__EXERCISE DETAILS__: No picture belongs in the copy. Repeat each line below exactly.

__STORED DATA__:
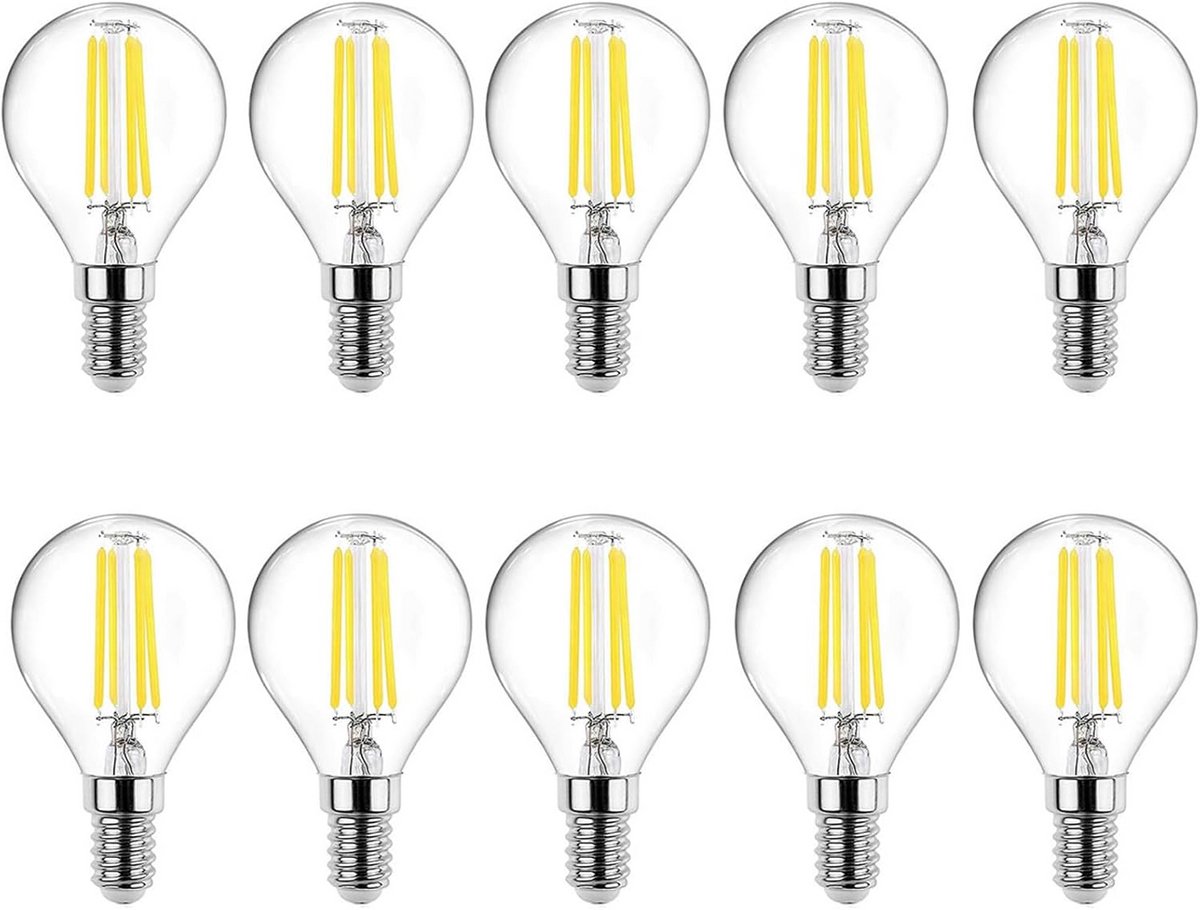 10 Stuks E14 4W LED Lamp - Vervangt 40W Gloeilamp - 400 Lumen - 3000K Warm Wit Licht - Mini Bolvormige Lamp - Duidelijk Glas - 220V-240V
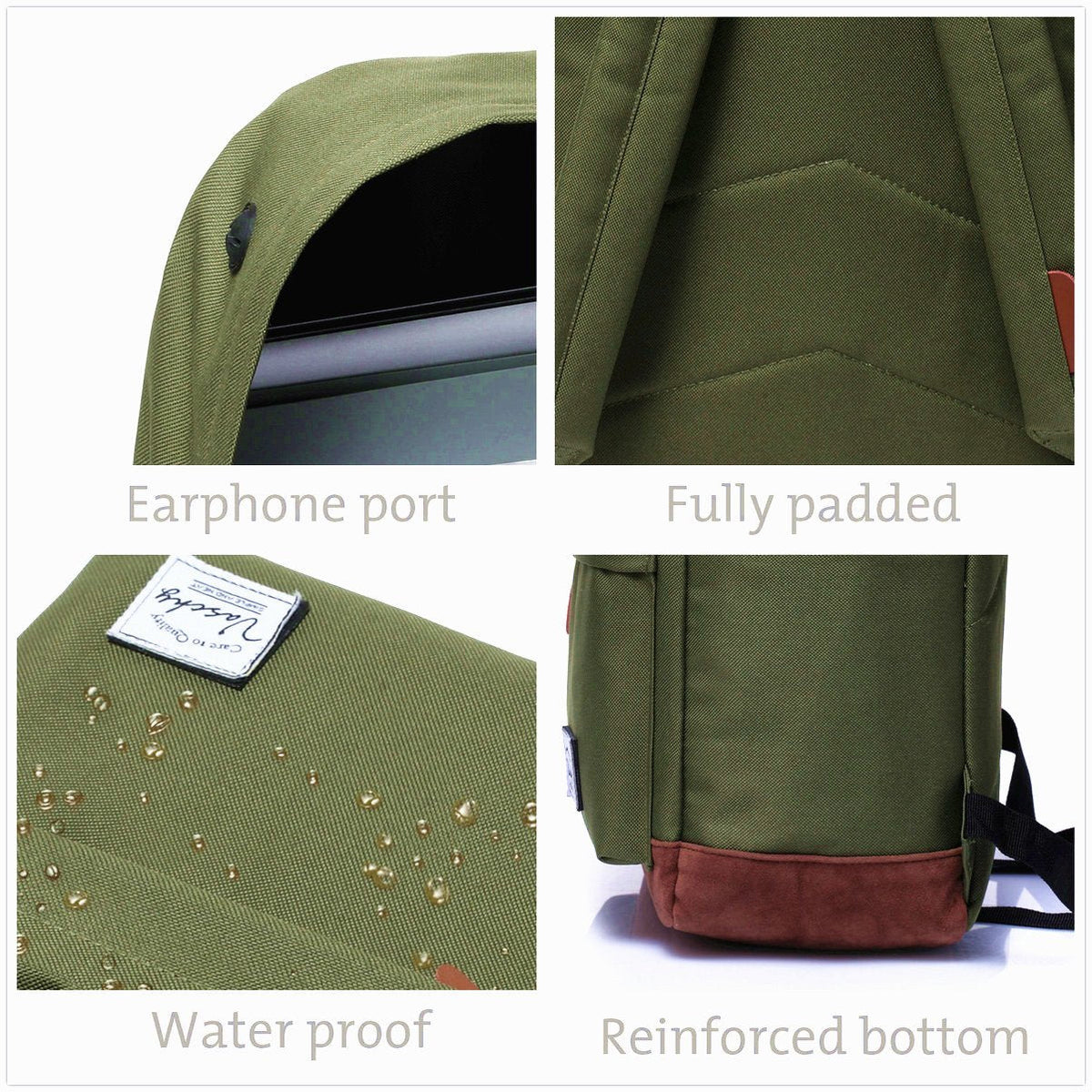 VASCHY Unisex Classic Lightweight Water-resistant Campus School Rucksack Travel BackPack Green Fits 15.6Inch Laptop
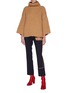 Figure View - Click To Enlarge - TUINCH - Colourblock bell sleeve rib knit turtleneck cashmere sweater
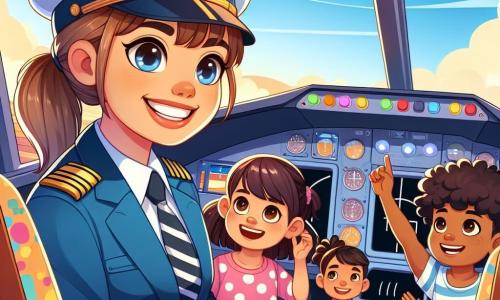 Una pilota di nome Sara sorride nel cockpit di un aereo colorato, indossando una divisa blu con spalline dorate e un cappello da pilota. I suoi capelli castani sono raccolti in una coda di cavallo e i suoi occhi brillano di eccitazione mentre spiega il volo ai bambini. Un gruppo di quattro bambini è presente intorno a lei: un ragazzo di 8 anni con occhiali e capelli biondi che alza la mano per fare una domanda; una ragazza di 7 anni con capelli ricci e una maglietta rosa che guarda con meraviglia; un ragazzo di 9 anni con un cappellino da baseball rosso che punta verso il cielo; e una ragazza di 6 anni con un vestito a pois che sorride tenendo un piccolo giocattolo di aereo. Sono tutti seduti nel cockpit, affascinati dall'avventura. Il cockpit è luminoso, pieno di comandi colorati, pulsanti lampeggianti e finestre che offrono una vista spettacolare su un cielo blu punteggiato di nuvole bianche. Sara spiega ai bambini come pilotare l'aereo mentre si preparano a decollare per un'avventura magica nei cieli, pieni di gioia ed eccitazione.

__SOLUTION TO THIS TASK__:
 10 Stuks E14 4W LED Lamp - Vervangt 40W Gloeilamp - 400 Lumen - 3000K Warm Wit Licht - Mini Bolvormige Lamp - Duidelijk Glas - 220V-240V
 VASCHY Unisex Classic Lightweight Water-resistant Campus School Rucksack Travel BackPack Green Fits 15.6Inch Laptop
 Figure View - Click To Enlarge - TUINCH - Colourblock bell sleeve rib knit turtleneck cashmere sweater
 Una pilota di nome Sara sorride nel cockpit di un aereo colorato, indossando una divisa blu con spalline dorate e un cappello da pilota. I suoi capelli castani sono raccolti in una coda di cavallo e i suoi occhi brillano di eccitazione mentre spiega il volo ai bambini. Un gruppo di quattro bambini è presente intorno a lei: un ragazzo di 8 anni con occhiali e capelli biondi che alza la mano per fare una domanda; una ragazza di 7 anni con capelli ricci e una maglietta rosa che guarda con meraviglia; un ragazzo di 9 anni con un cappellino da baseball rosso che punta verso il cielo; e una ragazza di 6 anni con un vestito a pois che sorride tenendo un piccolo giocattolo di aereo. Sono tutti seduti nel cockpit, affascinati dall'avventura. Il cockpit è luminoso, pieno di comandi colorati, pulsanti lampeggianti e finestre che offrono una vista spettacolare su un cielo blu punteggiato di nuvole bianche. Sara spiega ai bambini come pilotare l'aereo mentre si preparano a decollare per un'avventura magica nei cieli, pieni di gioia ed eccitazione.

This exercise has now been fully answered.